- Your goal -
Exactly as written, print out each entry in the data, with no pictures.
+++++
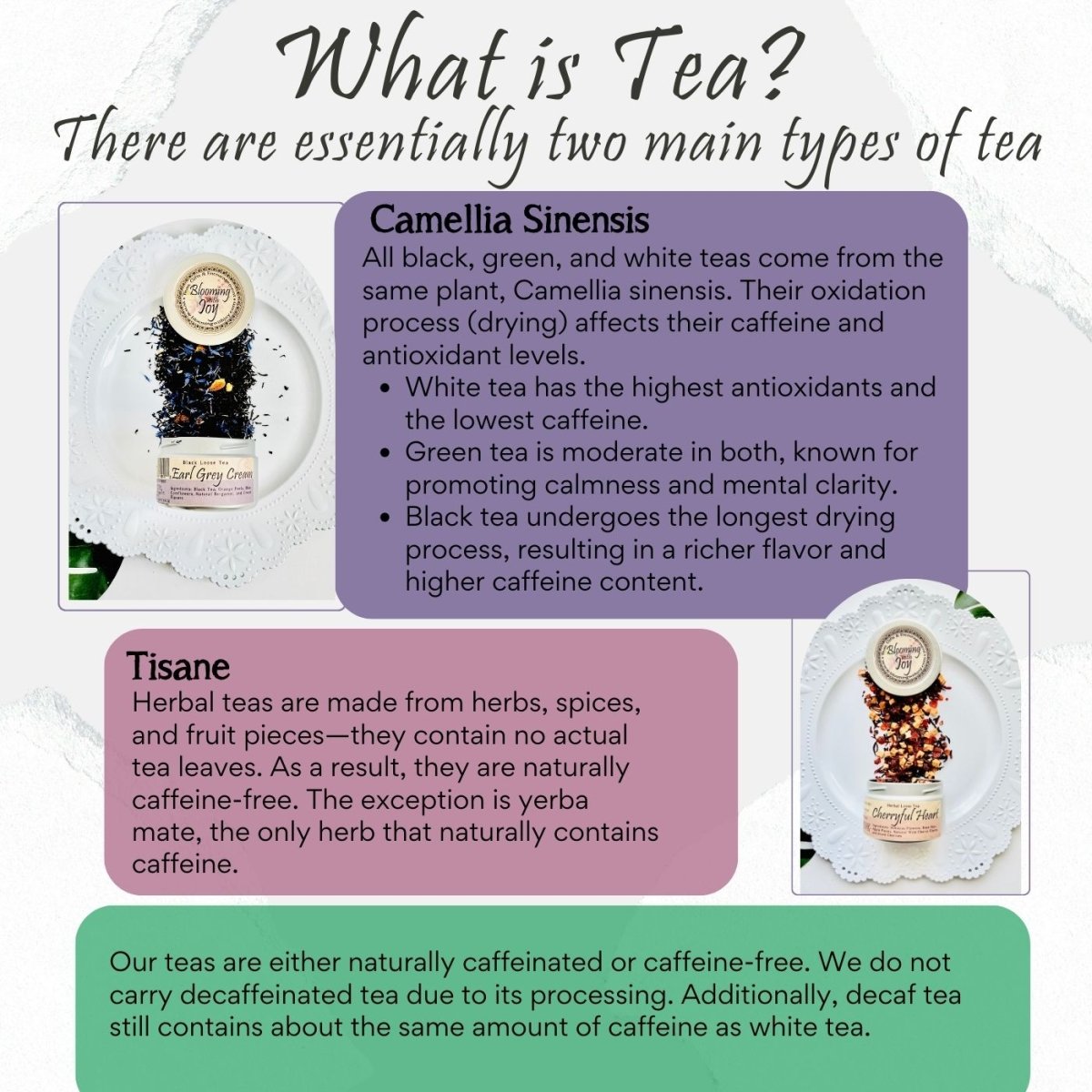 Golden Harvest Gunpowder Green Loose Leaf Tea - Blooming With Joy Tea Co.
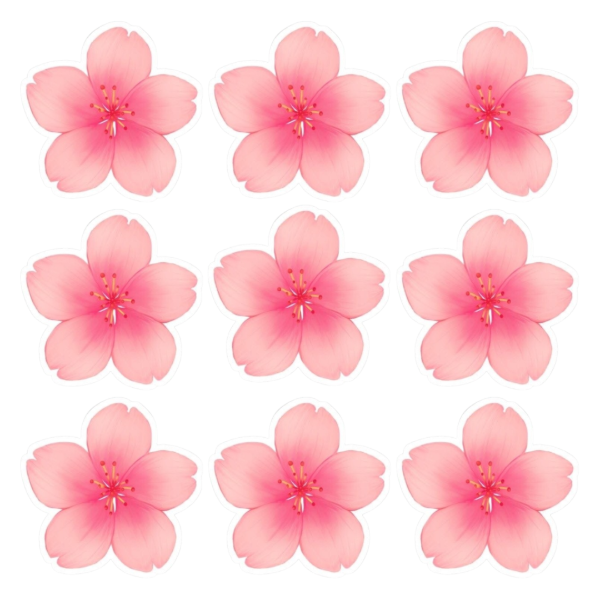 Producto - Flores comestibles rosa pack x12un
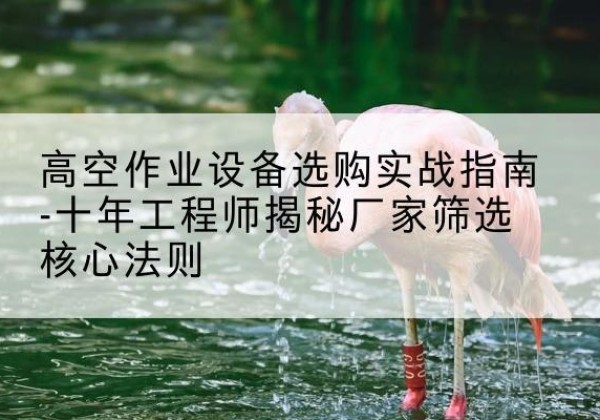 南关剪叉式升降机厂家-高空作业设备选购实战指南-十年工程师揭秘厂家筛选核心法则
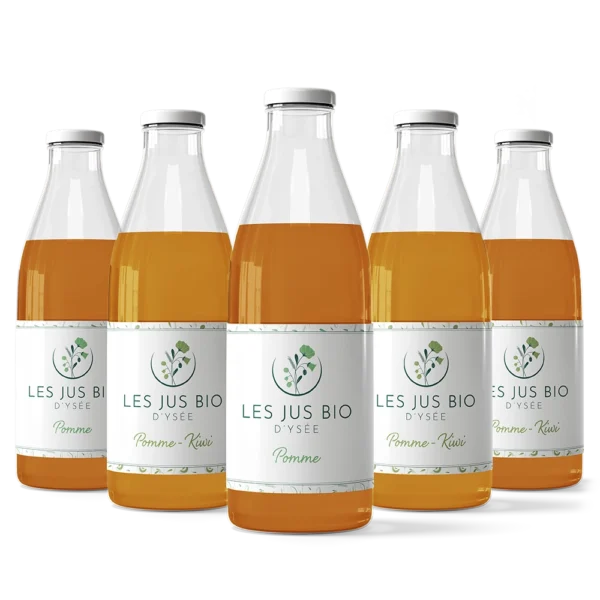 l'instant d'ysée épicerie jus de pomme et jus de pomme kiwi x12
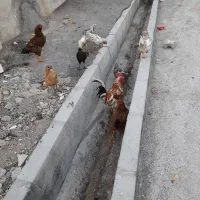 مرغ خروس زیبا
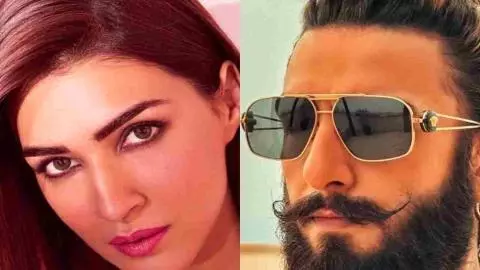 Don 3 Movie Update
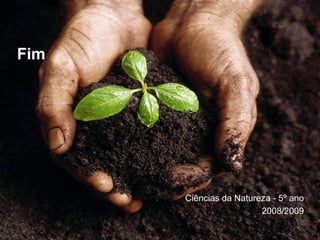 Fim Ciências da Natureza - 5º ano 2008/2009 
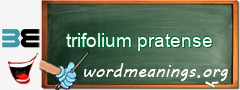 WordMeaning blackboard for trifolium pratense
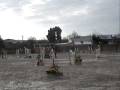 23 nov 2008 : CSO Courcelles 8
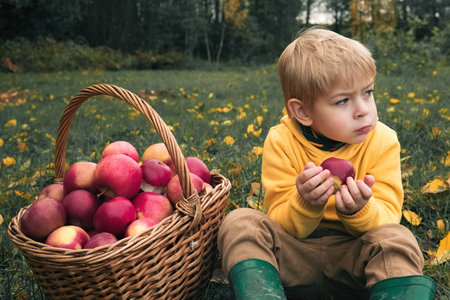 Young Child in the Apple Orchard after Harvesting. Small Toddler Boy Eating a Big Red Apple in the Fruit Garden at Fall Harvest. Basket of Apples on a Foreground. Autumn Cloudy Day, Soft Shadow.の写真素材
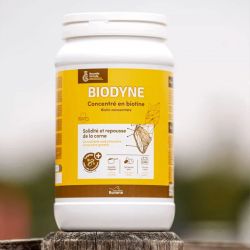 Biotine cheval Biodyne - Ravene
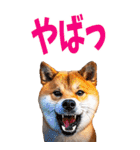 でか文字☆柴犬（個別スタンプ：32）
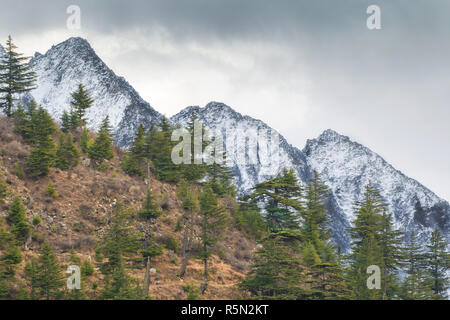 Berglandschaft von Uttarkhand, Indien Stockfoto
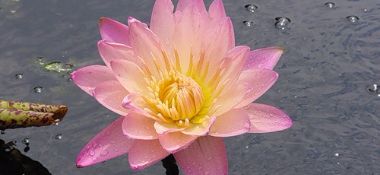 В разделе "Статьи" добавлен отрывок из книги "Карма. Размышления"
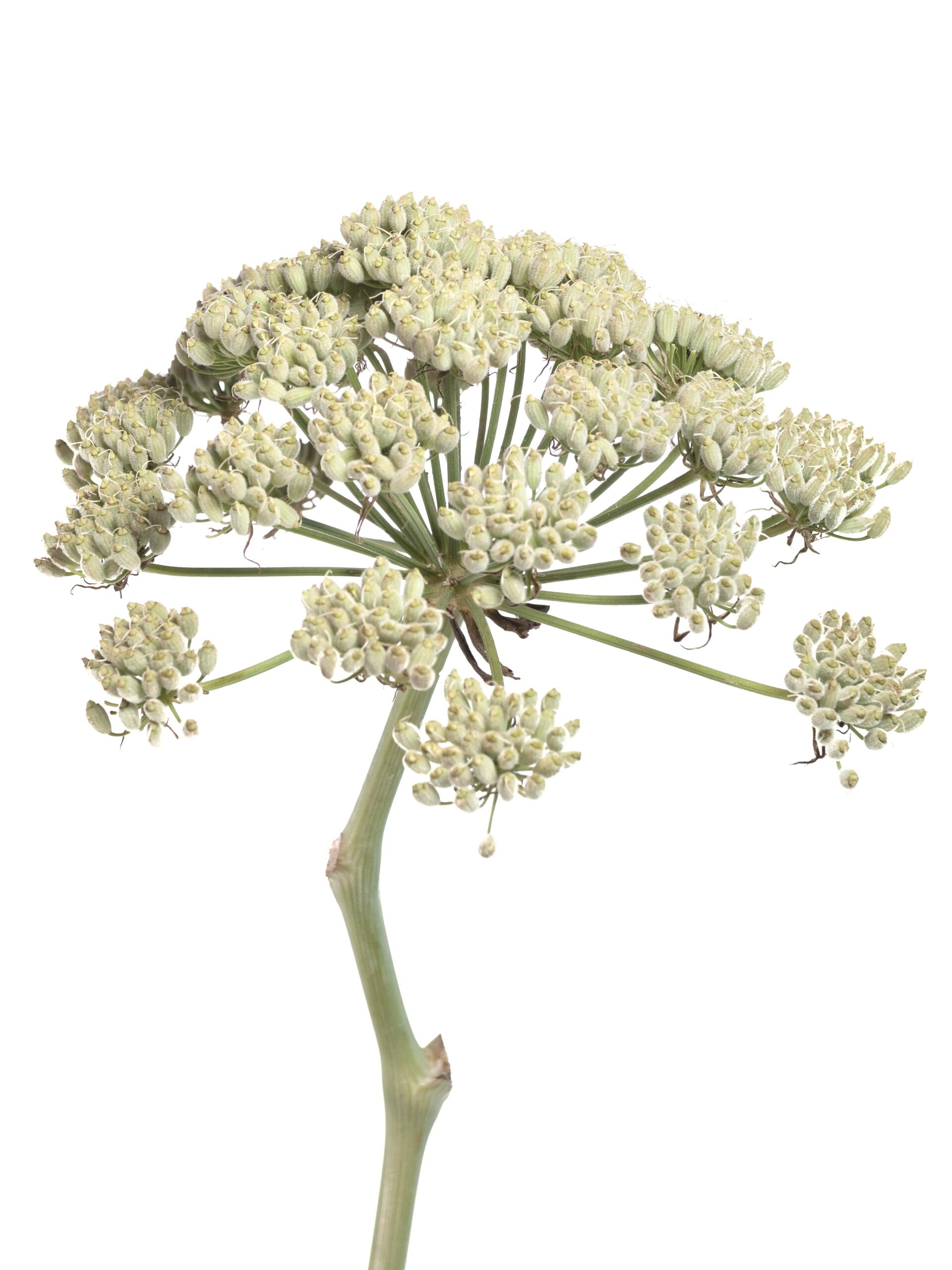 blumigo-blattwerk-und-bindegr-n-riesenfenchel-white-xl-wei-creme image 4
+++++
- Result -
 Golden Harvest Gunpowder Green Loose Leaf Tea - Blooming With Joy Tea Co.
 Producto - Flores comestibles rosa pack x12un
 南关剪叉式升降机厂家-高空作业设备选购实战指南-十年工程师揭秘厂家筛选核心法则
 l'instant d'ysée épicerie jus de pomme et jus de pomme kiwi x12
 مرغ خروس زیبا
 Don 3 Movie Update
 Fim Ciências da Natureza - 5º ano 2008/2009 
 WordMeaning blackboard for trifolium pratense
 23 nov 2008 : CSO Courcelles 8
 Young Child in the Apple Orchard after Harvesting. Small Toddler Boy Eating a Big Red Apple in the Fruit Garden at Fall Harvest. Basket of Apples on a Foreground. Autumn Cloudy Day, Soft Shadow.の写真素材
 Biotine cheval Biodyne - Ravene
 でか文字☆柴犬（個別スタンプ：32）
 Berglandschaft von Uttarkhand, Indien Stockfoto
 В разделе "Статьи" добавлен отрывок из книги "Карма. Размышления"
 blumigo-blattwerk-und-bindegr-n-riesenfenchel-white-xl-wei-creme image 4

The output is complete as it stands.